This serializes to 46 bytes, which we round up to 48 bytes (BLOCK_CONTEXT_SLOT_SIZE_BYTES).

In a single-context-slot world, on_disk_hash is not necessary: we use it to decide which context slot is valid on dirty startup, but that would no longer be in question.

Additionally, storing both hash and encryption_context is unnecessary. If we have an encryption_context, then the upstairs needs to decrypt against it, and the decryption process will tell us whether the data is valid; checking the hash is just wasted work.

I propose reducing our context data to the following structure:

enum PackedBlockContext {
    None,
    Unencrypted(u64),
    Encrypted(EncryptionContext),
}

Using bincode, this serializes to 32 bytes (an auspicious value). This brings our per-block overhead for 512-byte blocks from 18.75% down to 6.25%.

Warning
Removing on_disk_hash means that the Downstairs can no longer check block integrity (for encrypted data). We were already only doing that check if the file was dirty, and are trusting many other properties of ZFS, so I think that trusting ZFS’s checksums is reasonable.
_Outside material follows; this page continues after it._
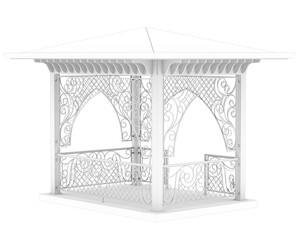 Fototapeta premium Garden roof isolated on transparent background. 3d rendering - illustration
Message format compatibility

For encrypted blocks, the new format does not store a hash. The current ReadResponseHeader implementation expects a hash for every block, so we would either need to change the header or reply with a dummy hash. I would recommend changing the header: we’re still updating the entire rack simultaneously, so we don’t need to worry about message compatibility.

Optional: pre-packing messages

Right now, we send writes with the Message::Write variant.

enum Message {
    // ...
    Write {
        header: WriteHeader,
        data: bytes::Bytes,
    },
}

pub struct WriteHeader {
    pub upstairs_id: Uuid,
    pub session_id: Uuid,
    pub job_id: JobId,
    pub dependencies: Vec<JobId>,
    pub blocks: Vec<WriteBlockMetadata>,
}

pub struct WriteBlockMetadata {
    pub eid: ExtentId,
    pub offset: Block,
    pub block_context: BlockContext,
}

Note that the block contexts are separate from the raw data.

We can write interleaved block data and contexts using pwritev, e.g. something like

pwritev(&[&data[0..4096], &context[0], &data[4096..8192], &context[1], ...]);

It may be more efficient to use a single pwrite instead, which would require the block and context data to be contiguous in memory. Rearranging data in the Crucible downstairs would add a full copy. We’ve spent the past few months removing memcpy from the flamegraph, so that would be unfortunate.

Instead, we could add a new Message variant:

enum Message {
    // ...
    PackedWrite {
        header: PackedWriteHeader,
        data: bytes::Bytes,
    },
}

pub struct PackedWriteHeader {
    pub upstairs_id: Uuid,
    pub session_id: Uuid,
    pub job_id: JobId,
    pub dependencies: Vec<JobId>,
    pub eid: ExtentId,
    pub offset: Block,
    pub checksum: u64,
}

The data member now contains packed (data, context) tuples, with bincode serialization already done in the Upstairs.

The new checksum member is a digest of data to protect against corruption in transit, because I’m also proposing to remove the now-unnecessary on-disk checksums (see § Metadata reduction).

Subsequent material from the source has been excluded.